Baker v. Stow

12 Ohio C.C. (n.s.) 489, 1892 Ohio Misc. LEXIS 22
CourtWood Circuit Court
DecidedOctober 24, 1892
StatusPublished

This text of 12 Ohio C.C. (n.s.) 489 (Baker v. Stow) is published on Counsel Stack Legal Research, covering Wood Circuit Court primary law. Counsel Stack provides free access to over 12 million legal documents including statutes, case law, regulations, and constitutions.

Bluebook
Baker v. Stow, 12 Ohio C.C. (n.s.) 489, 1892 Ohio Misc. LEXIS 22 (Ohio Super. Ct. 1892).

Opinion

The petition in this ease was filed June 9, 1890, for the cancellation of a certain instrument known as an oil lease; afterwards on November 8, 1890, an amended petition was filed, setting up in detail the facts relied upon by plaintiff for its cancellation; it appears by this petition that there was really three papers that the plaintiff was seeking to have canceled. The first was a memorandum of agreement made on July 17, 1886, by one John Baber and E. A. James.and J. Henline, and purports to be [490]*490a lease on the John Baker premises for oil purposes, or more properly speaking, an agreement rather than a lease. That paper had been assigned so as to come into the hands of some of the defendants .as lessees.

The petition further states that on October 26, 1889, Baker made another agreement to one Aaron Therweeter of Toledo, which is an agreement for oil purposes of the same premises; that on said date there was an agreement made between said plaintiff and Hamilton IT. Stow, which agreement relates to the sinking of wells and obtaining oil and gas on the same premises. These papers it seems were held at the time of the filing of the suit by Van Vleck and Stow, the real parties defendant.

The petition avers that the parties have wholly failed to perform on their part the things by them to be done, .and the time within which the agreement was to be performed had expired; that the rights of the parties had terminated, and asks for the cancellation of the instrument and an injunction against the lessees from further entering upon the premises and sinking wells, claiming they were making threats to do so.

All three of the leases are upon the same form, and contain the same covenants, the difference being in the date, and perhaps in the time which they were'to run; one being for three years and one for five years on certain conditions. The defendants claim that they tendered the amounts that are stated in the petition by way of rent, and that they had the right to go on and sink wells.
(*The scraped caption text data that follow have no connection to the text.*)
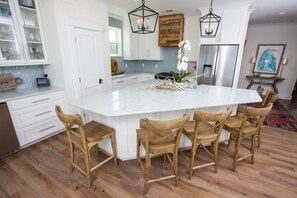 Una cocina amplia con una isla grande, sillas de madera, armarios blancos y una lámpara moderna.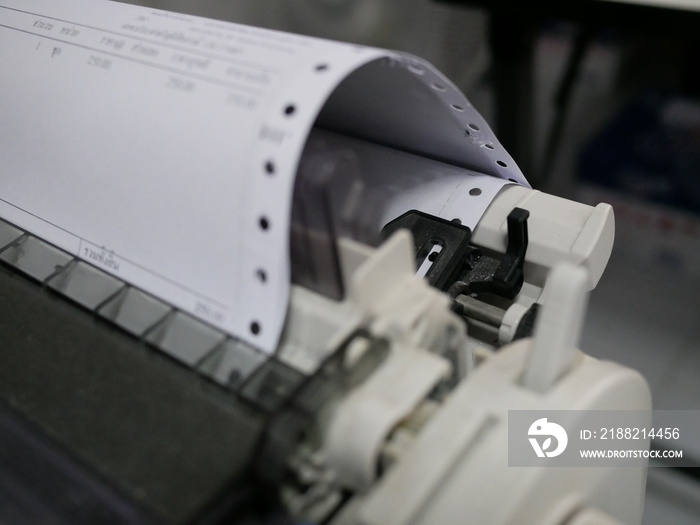 closeup of continuous paper printer in the office,selected focus.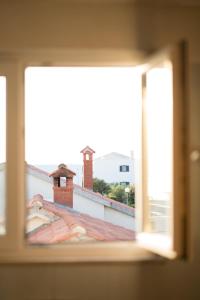 Una televisión o centro de entretenimiento en Apartman Mimi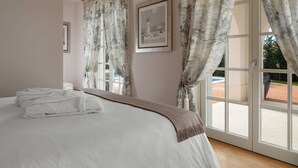 A bedroom with a bed, a window with curtains, and a framed picture on the wall. - Villa Palazzo di Cleo with Pool (Vabriga)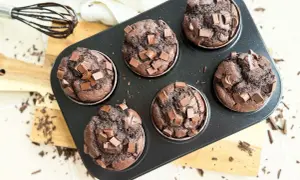 Sechs saftige, vegane Schokomuffins mit Schokostückchen in einer Muffinform. Ein Schneebesen mit Schokospuren liegt daneben.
Without going into a discussion of the material conditions of the covenants of the contract, I will say that they provide, in substance, that in consideration of the covenants and agreements hereinafter named, the parties have granted, demised and let unto the parties of the second part, their heirs and assigns, for the purpose and with the exclusive right of drilling and operating for petroleum, oil and gas, all that certain tract or parts of land situate in Montgomery township, Wood county, and the state of Ohio, giving boundaries and description of the premises; the parties of the second part, their heirs and assigns, to have [491]*491and to hold the said premises, for the said purposes only, for and during the term of five years from date thereof, and as much longer as oil and gas is found in paying quantities.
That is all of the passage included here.